C-POWERグループにおける身体拘束等の適正化に関する基本的考え方
第1条
株式会社C-POWER及び一般社団法人LiC-GiO(以下、「C-POWERグループ」という。)は、障害者虐待防止法及び児童虐待防止法の趣旨を理解し、障害者及び障害児(以下、「ご利用者」という。)に生きがいと安心、安全を提供するという使命感を常に自覚し、ご利用者本位の真心と優しさのこもった、最高のサービスを提供していく。
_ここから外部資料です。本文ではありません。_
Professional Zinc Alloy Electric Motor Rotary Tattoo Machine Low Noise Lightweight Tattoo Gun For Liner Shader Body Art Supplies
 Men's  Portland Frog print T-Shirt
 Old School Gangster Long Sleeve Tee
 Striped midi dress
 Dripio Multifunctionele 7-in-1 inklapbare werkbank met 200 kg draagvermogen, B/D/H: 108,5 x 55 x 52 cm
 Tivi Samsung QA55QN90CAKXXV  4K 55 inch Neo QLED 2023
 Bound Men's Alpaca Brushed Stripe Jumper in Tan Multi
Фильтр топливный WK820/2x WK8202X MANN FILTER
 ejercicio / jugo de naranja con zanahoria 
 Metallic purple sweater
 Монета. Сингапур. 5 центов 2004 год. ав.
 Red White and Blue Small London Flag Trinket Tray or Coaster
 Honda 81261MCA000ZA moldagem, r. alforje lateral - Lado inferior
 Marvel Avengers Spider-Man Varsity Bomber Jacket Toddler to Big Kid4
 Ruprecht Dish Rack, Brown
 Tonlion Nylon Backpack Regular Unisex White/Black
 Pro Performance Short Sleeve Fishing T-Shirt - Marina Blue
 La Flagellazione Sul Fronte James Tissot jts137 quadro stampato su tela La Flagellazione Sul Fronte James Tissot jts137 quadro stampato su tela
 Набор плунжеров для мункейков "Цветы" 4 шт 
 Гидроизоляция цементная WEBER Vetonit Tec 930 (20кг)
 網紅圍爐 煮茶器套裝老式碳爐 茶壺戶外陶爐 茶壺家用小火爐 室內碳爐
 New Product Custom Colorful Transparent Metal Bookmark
2 C-POWERグループは、身体拘束防止に関し、次の方針を定め、すべての職員に周知徹底する。
- 1. 身体拘束は廃止すべきものである。
- 2. 身体拘束廃止に向けて常に努力する。
- 3. 身体拘束廃止に向けてありとあらゆる手段を講じる。
- 4. 身体拘束を許容する考え方はしない。
- 5. ご利用者の人権を最優先にする。
- 6. 全員の強い意志でケアの本質を考えることにチャレンジする。
- 7. 身体拘束を行わないための創意工夫を忘れない。
- 8. 身体拘束のない福祉サービスの提供に誇りと自信をもつ。
- 9. 安易な「やむを得ない」で身体拘束を行わない。
- 10. あらゆる手段や方法を講じた上で、現場や委員会によってやむを得ず身体拘束を行う必要があると判断が出た場合、ご利用者本人とご家族に丁寧に説明を行い、了承を得た上で身体拘束を行う。
- 11. 身体拘束を行った場合、速やかに検討会議を立ち上げ、身体拘束に依らない支援に繋げるよう努める。
(虐待防止委員会その他事業所内の組織に関する事項)
第2条
C-POWERグループは、虐待防止及び身体拘束防止を目的として、虐待防止委員会(以下、「委員会」という。)を設置する。
2 委員会は、毎月第1金曜日に開催し、次のことを検討、協議する。
- 1. 虐待の未然防止のための虐待に関する規定、身体拘束等の排除マニュアル等を作成し、必要に応じて見直す。
- 2. 発生した虐待や身体拘束を検証し、虐待の再発防止策の検討及び身体拘束が身体拘束等の排除マニュアルに沿って適切な手続き、方法で行われているかを確認する。
- 3. 虐待防止チェックリスト等を活用し、虐待又は身体拘束等の兆候がある場合には調査し、検討及び対策を講じる。
- 4. 虐待が発生した場合、その原因を分析し、再発防止策を検討して実施する。
- 5. 身体拘束が発生した場合、身体拘束等の排除マニュアルに沿った適切な手続き、方法で行われているかを確認する。
- 6. 研修及び必要な教育を実施し確認する。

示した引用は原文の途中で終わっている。